RECORDS FOR THIS TASK:
........
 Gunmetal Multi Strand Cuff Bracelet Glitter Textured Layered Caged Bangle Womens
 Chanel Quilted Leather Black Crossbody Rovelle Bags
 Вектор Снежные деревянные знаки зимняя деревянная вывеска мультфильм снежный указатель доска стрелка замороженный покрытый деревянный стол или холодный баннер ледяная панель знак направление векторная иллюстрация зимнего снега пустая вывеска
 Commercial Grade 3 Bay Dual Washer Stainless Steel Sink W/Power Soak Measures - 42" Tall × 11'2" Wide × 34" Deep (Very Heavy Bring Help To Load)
........
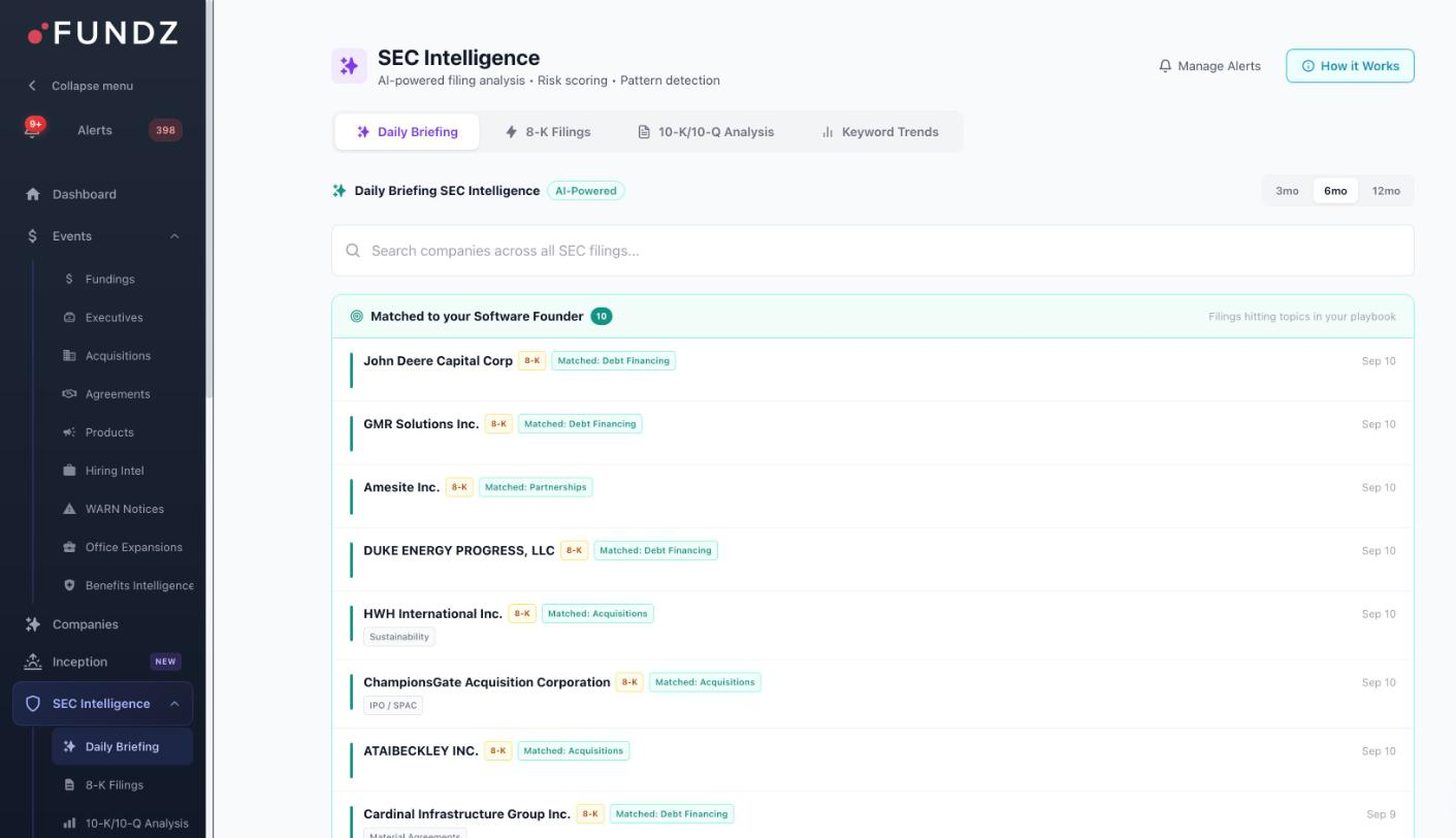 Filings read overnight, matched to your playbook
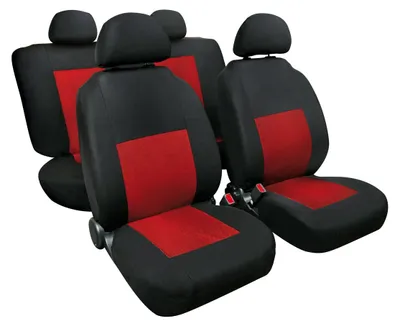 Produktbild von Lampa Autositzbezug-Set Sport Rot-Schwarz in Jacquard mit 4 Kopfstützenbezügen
........
TASK OBJECTIVE: Leave out every line above except those from the line with "Вектор Снежные деревянные" up to and including the line with "Commercial Grade 3", and copy those exactly.

RESPONSE TO THE TASK:
 Вектор Снежные деревянные знаки зимняя деревянная вывеска мультфильм снежный указатель доска стрелка замороженный покрытый деревянный стол или холодный баннер ледяная панель знак направление векторная иллюстрация зимнего снега пустая вывеска
 Commercial Grade 3 Bay Dual Washer Stainless Steel Sink W/Power Soak Measures - 42" Tall × 11'2" Wide × 34" Deep (Very Heavy Bring Help To Load)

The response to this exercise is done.